(Records shown)
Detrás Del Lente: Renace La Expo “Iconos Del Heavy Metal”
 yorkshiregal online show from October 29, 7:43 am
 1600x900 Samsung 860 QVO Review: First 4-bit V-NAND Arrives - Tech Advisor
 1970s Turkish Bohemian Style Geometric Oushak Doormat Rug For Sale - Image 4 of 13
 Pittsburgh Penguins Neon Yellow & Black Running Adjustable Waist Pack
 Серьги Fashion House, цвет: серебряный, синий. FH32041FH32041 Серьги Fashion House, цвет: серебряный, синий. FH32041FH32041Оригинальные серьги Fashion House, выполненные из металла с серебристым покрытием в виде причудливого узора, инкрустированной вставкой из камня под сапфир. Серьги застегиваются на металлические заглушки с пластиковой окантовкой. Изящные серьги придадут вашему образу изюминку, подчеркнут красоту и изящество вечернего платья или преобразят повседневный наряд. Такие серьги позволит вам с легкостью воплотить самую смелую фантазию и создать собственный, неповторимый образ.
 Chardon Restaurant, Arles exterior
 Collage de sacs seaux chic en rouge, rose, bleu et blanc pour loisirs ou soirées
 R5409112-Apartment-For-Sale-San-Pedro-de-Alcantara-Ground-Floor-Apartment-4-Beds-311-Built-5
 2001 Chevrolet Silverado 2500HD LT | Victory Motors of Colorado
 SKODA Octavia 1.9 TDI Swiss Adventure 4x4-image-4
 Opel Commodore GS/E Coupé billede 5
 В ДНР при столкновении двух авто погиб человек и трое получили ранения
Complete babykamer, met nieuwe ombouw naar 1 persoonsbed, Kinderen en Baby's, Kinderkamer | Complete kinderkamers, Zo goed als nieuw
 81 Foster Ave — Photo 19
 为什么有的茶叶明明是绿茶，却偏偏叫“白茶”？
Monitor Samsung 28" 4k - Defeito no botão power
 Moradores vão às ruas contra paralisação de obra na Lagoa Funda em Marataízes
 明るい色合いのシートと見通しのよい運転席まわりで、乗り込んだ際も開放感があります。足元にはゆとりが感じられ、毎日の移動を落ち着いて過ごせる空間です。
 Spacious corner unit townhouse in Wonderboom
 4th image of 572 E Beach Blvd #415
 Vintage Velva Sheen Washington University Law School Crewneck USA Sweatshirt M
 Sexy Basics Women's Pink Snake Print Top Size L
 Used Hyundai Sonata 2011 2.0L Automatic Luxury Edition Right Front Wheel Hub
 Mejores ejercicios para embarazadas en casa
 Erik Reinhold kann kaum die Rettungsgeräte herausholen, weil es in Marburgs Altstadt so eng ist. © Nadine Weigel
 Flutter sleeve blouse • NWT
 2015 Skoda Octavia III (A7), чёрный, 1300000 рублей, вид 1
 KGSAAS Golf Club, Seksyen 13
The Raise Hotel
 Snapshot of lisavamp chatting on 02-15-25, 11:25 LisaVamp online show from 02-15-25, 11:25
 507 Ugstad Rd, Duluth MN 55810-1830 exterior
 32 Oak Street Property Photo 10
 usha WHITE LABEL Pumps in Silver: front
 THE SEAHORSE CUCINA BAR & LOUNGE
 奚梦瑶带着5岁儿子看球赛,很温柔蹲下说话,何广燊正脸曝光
(End Records shown)
Take the lines from the start of the records through the line holding "Pittsburgh Penguins Neon", both included, and please print them exactly, with nothing else.

■ **Your solution**:
Detrás Del Lente: Renace La Expo “Iconos Del Heavy Metal”
 yorkshiregal online show from October 29, 7:43 am
 1600x900 Samsung 860 QVO Review: First 4-bit V-NAND Arrives - Tech Advisor
 1970s Turkish Bohemian Style Geometric Oushak Doormat Rug For Sale - Image 4 of 13
 Pittsburgh Penguins Neon Yellow & Black Running Adjustable Waist Pack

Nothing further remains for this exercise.